*** Begin section ***

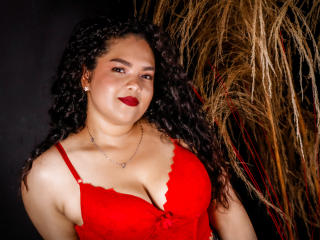 Sexy profile pic of SharllotteQueen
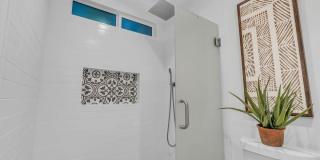 1006 N Crescent Heights Blvd Gallery 23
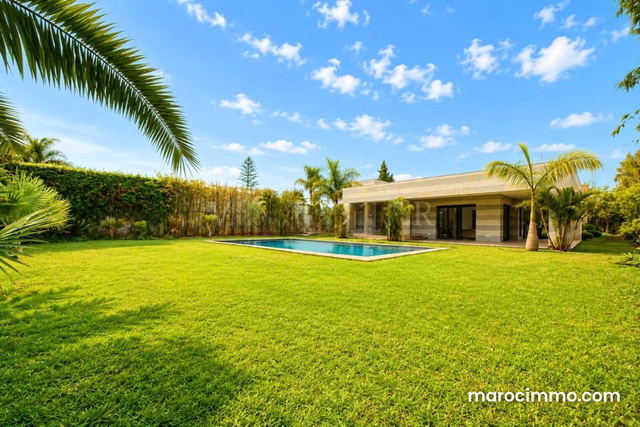 Villa de Prestige à Vendre à Rabat – 860 m² construits sur 1 854 m² de terrain avec Piscine et Jardin — Rabat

*** End section ***

## Activity
Once the pictures are set aside, output the whole listing exactly.

## Answer section
 Sexy profile pic of SharllotteQueen
 1006 N Crescent Heights Blvd Gallery 23
 Villa de Prestige à Vendre à Rabat – 860 m² construits sur 1 854 m² de terrain avec Piscine et Jardin — Rabat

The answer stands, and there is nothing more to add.